(GIVEN DATA)

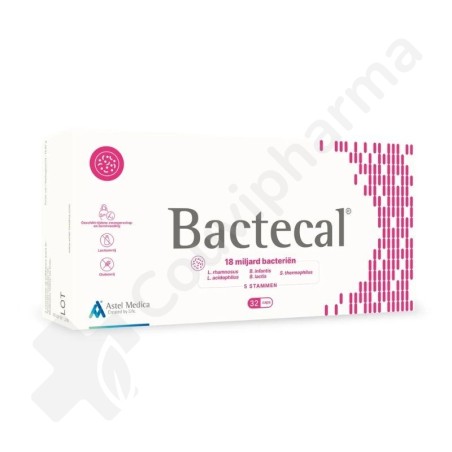Bactecal - 32 gélules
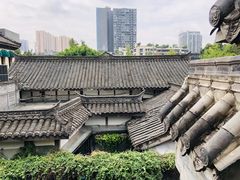 -小龙翻大江文化火锅(宽窄店)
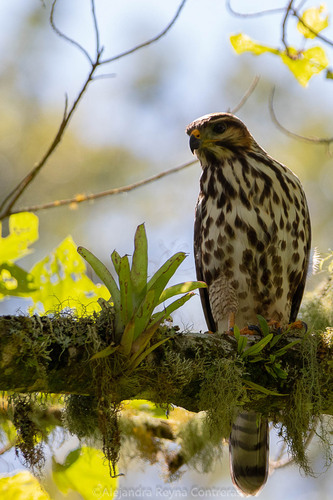Gray Hawk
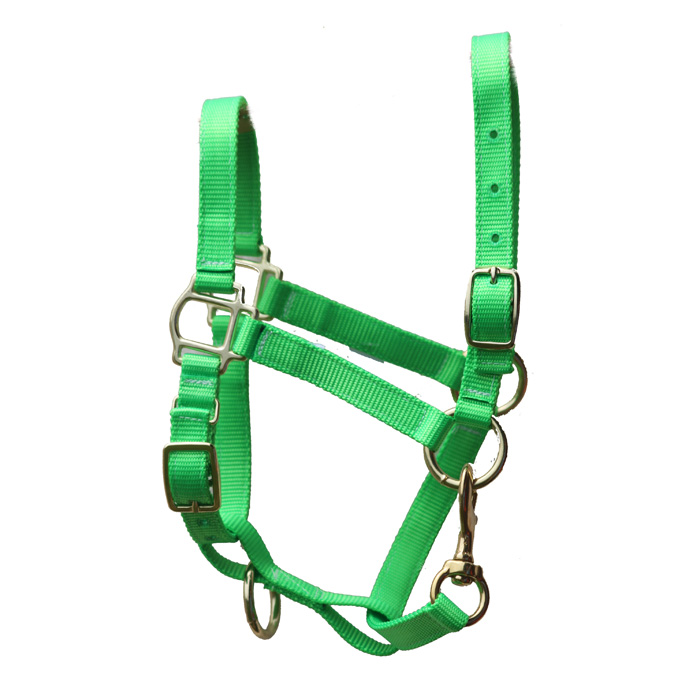 Miniature Donkey Halters for sale at Half Ass Acres Miniature Donkey Farm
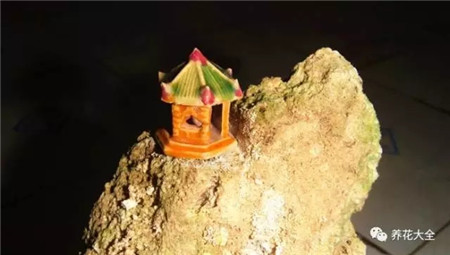 扔花盆有什么忌讳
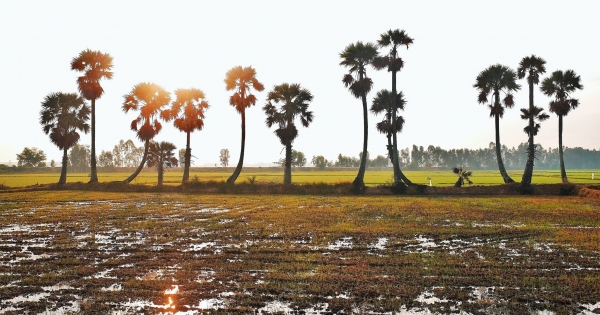 Cánh đồng thốt nốt - biểu tượng của An Giang nắng gió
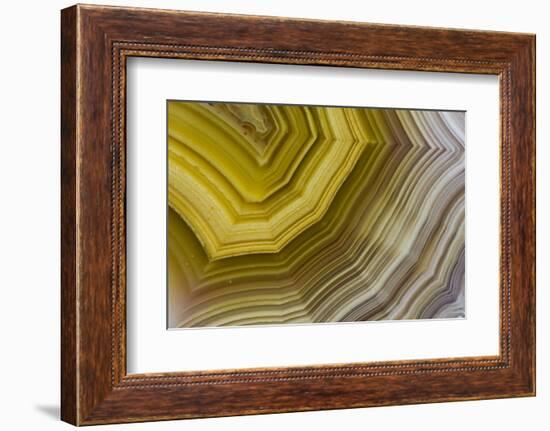 Banded Agate, Sammamish, Washington-Darrell Gulin-Framed Photographic Print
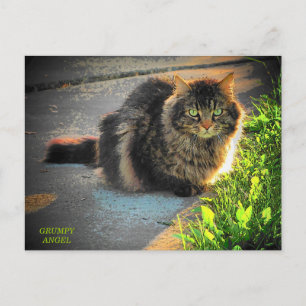 Cold Kitty Cat Postkarte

(End GIVEN DATA)

WHAT TO PRODUCE:
Give every record again word for word, pictures excluded.

EXERCISE ANSWER:
Bactecal - 32 gélules
 -小龙翻大江文化火锅(宽窄店)
Gray Hawk
 Miniature Donkey Halters for sale at Half Ass Acres Miniature Donkey Farm
 扔花盆有什么忌讳
 Cánh đồng thốt nốt - biểu tượng của An Giang nắng gió
 Banded Agate, Sammamish, Washington-Darrell Gulin-Framed Photographic Print
 Cold Kitty Cat Postkarte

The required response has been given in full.